Re: [RFC 2/3] mailbox: Introduce a new common API

From: Suman Anna
Date: Wed May 08 2013 - 21:31:56 EST


Hi Jassi,

>>>>>
>>>>> The client(s) can always generate TX requests at a rate greater than
>>>>> the API could transmit on the physical link. So as much as we dislike
>>>>> it, we have to buffer TX requests, otherwise N clients would.
>>>>
>>>> The current code doesn't support N clients today anyway, and if they are
>>>> blocking mode on top of it, it would never need Tx buffering.
>>>>
>>> No, I meant if the API doesn't buffer TX requests, then N client
>>> drivers that simply need to send 2 or more messages would have to
>>> buffer them locally.
>>> Also by buffering TX requests the API reduces TX latency by
>>> submitting the next request atomically as soon as it knows the last TX
>>> is done.
>>
>> OK. I do not have an issue with Tx buffering,
>>
> OK, thanks for confirming.
>
>> but the manner it is done.
>> As I said before, there is a big implementation detail on client users
>> keeping their pointers in tact until the actual Tx is done - it
>> increases the complexity of client code. I have proposed an idea below
>> on the size discussion.
>>
> What makes this API different that you want it to create internal
> copies of clients' requests?
> I2C clients have been working fine. I believe most other apis work
> similarly. No client died of the burden of having to preserve request
> pointers until the request is served by the API.

You are implying that every client does need to implement a tx_callback,
or needs to care for because of the design in the common core code. I
cannot use local variables in whatever function I am sending the
requests. The example you have given below will fail when the client
doesn't care about tx callbacks neither is blocking, if the entire
request is implemented as a function.

>
> BTW, by forcing the API to not directly use request structures from
> clients we kill chances of zero-copy transfer use-cases.

I doubt true zero-copy transfers can be achieved for most controllers,
you will almost always copy the client payload into the physical
transport payload. For true zero-copy, you would have to give out the
ioremapped transport payload ptr to a client.

> Sorry, I don't think just to make it "easy" for some rare client (that
> issues non-blocking pass-by-reference requests and don't even care to
> know if the message was ever sent), we should add complexity to the
> API _and_ kill some important use-cases.

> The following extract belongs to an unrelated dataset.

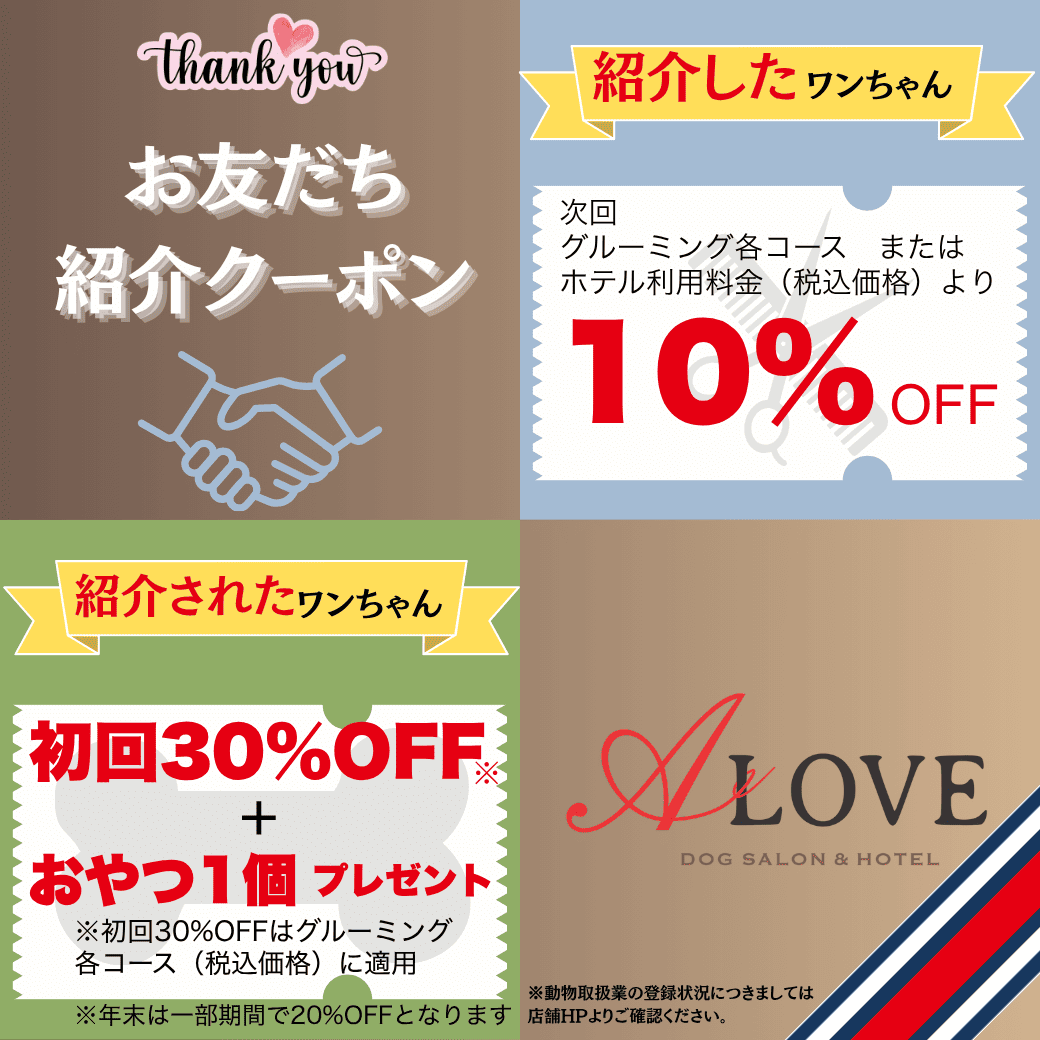 ご紹介クーポン サンプル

The OMAP usecase (existing now) uses this approach, and we got lucky
because our payload is u32 and we will overwrite the ptr with the actual
message value instead of using it as a ptr. The existing API will fail
if I just have these two conditions met by a client - no blocking and no
tx callbacks.

>>> Also logically coupling the independent physical links makes the
>>> controller driver not very portable - what if some other platform has
>>> usage of 3 send+receive and 2 send-only communications of the 8
>>> physical links? The controller h/w is perfectly capable of providing
>>> that, but its driver is not.
>>
>> That's upto that controller driver, right?
>>
> Yes, I meant the OMAP's controller driver need to be re-written
> properly so as to not couple 2 links together as one RX and one TX.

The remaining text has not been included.